I own a Georgia based internet marketing company and have reason to believe that several employees and former colleagues of a competing company based in Texas have gained access to my and one of my employees company email accounts without our knowledge of consent. Furthermore, I have reason to believe that they have stolen confidential information related to my company, business, and clients.
What laws have these individuals and the company they are involved with violated? How serious are these violations? What do I need to legally go after them. I am currently in the process of retrieving the email access logs from our email provider in hopes of locating unauthorized IPs that tie back to these individuals and their company.
3 Answers from Attorneys
These are VERY serious allegations-- not only does it expose these individuals to civil liability, but also to potential criminal liability. Such liabilities extend range potential civil torts such as invasion of privacy and tortuous interference with a business contract to criminal violations such as breaking federal wiretapping laws and Georgia computer privacy laws.
Depending on the strength of your evidence, I would launch both a criminal complaint as well as a civil complaint. Nonetheless, it may be best if you speak to and retain a local civil litigation attorney prior to filing a complaint with any law enforcement officials. In the best case scenario, an attorney may be able to "piggy back" off any potential criminal prosecution to seek criminal damages.

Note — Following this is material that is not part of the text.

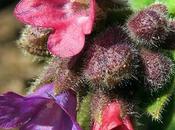 Pulmonaire sombre (Pulmonaria obscura)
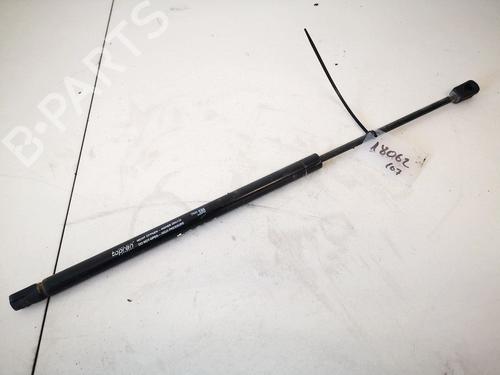 tailgate-lift-support-renault-scenic-ii-jm01_-2003-2004-2005-2006-2007-2008-2009-2010-35428821 main image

The seriousness is primarily your call. Assuming they have taken the information, what is the damage to your company. Beyond that, you need to see a litigation lawyer as soon as possible. That means this week. In order to stop them from using the information immediately, the law requires that you act promptly -- usually within days of the discovery. Otherwise, you might still have your claim but your remedy is money damages after a trial. The key is stopping them now. That usually leads to a prompt resolution.
To answer your questions directly:
1. What laws have these individuals and the company they are involved with violated?
If your allegations are true, then there are violations of both federal and state law.
The federal Computer Fraud and Abuse Act (18 USC 1030 et seq.) protects computers that are used in or that affect interstate commerce. This extends the scope of the Act to the full extent allowed by the US Constitution. Your computer is connected to the Internet and is protected by this Act.
Some possible federal violations under CFAA include (a) Intentionally accessing a computer without authorization to obtain information, and (b) Knowingly accessing a protected computer (such as yours) with the intent to defraud and to obtain anything of value. There is no requirement that you must show, in order to establish a violation, a monetary loss; the intent to cause a general harm will suffice.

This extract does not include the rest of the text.